Optional Tax Redemption

        The notes are redeemable prior to maturity, upon the occurrence of certain changes in the tax laws of Brazil, the Cayman Islands or a successor jurisdiction as a result of which Vale Overseas or Vale becomes obligated to pay additional amounts on the notes in respect of withholding taxes at a rate in excess of 15%, in which case Vale or Vale Overseas may redeem the notes in whole but not in part at a redemption price equal to 100% of the principal amount of the notes plus accrued interest to the redemption date; provided, however, that the preceding only applies in the case of any successor jurisdiction where such change in tax law occurs on or after the date the successor corporation is incorporated in or considered to be a resident of such successor jurisdiction. See "Description of the Debt Securities—Optional Tax Redemption" in the accompanying prospectus.

Covenants

        Holders of the notes will benefit from certain covenants contained in the amended and restated indenture and affecting the ability of Vale to incur liens, and the ability of Vale Overseas and Vale to take other specified actions, such as merge with other entities.
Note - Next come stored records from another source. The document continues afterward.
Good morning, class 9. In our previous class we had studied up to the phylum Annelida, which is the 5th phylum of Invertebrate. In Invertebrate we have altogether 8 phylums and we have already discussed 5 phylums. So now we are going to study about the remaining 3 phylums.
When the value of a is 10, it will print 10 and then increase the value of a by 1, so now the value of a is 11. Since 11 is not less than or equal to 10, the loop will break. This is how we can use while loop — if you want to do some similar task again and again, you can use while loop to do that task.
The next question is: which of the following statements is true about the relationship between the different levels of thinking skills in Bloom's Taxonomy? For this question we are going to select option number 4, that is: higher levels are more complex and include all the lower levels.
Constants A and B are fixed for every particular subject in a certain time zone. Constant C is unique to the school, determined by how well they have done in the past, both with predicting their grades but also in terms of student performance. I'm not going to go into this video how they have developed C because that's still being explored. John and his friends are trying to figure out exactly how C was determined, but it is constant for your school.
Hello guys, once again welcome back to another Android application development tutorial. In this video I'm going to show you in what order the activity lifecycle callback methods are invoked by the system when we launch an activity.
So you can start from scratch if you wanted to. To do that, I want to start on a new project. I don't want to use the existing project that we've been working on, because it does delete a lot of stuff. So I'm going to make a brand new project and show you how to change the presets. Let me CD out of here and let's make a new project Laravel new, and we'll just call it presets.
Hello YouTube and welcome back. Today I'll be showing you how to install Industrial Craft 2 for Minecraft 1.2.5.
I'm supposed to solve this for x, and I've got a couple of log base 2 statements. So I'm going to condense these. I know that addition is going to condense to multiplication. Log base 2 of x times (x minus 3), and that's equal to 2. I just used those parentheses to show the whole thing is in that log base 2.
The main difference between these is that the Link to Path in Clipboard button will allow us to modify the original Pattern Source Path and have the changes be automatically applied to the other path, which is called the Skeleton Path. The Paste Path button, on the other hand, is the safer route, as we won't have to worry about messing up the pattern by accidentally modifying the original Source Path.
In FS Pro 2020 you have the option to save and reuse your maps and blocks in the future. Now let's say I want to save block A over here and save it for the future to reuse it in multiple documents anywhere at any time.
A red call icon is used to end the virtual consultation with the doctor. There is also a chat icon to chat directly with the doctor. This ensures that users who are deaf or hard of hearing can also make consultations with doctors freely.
You should read the information under the heading "Description of the Debt Securities—Certain Covenants" in the accompanying prospectus.

Events of Default

        Holders of the notes will have special rights if an event of default occurs. You should read the information under the heading "Description of the Debt Securities—Events of Default" in the accompanying prospectus along with the descriptions below that supersede the corresponding information in the accompanying prospectus.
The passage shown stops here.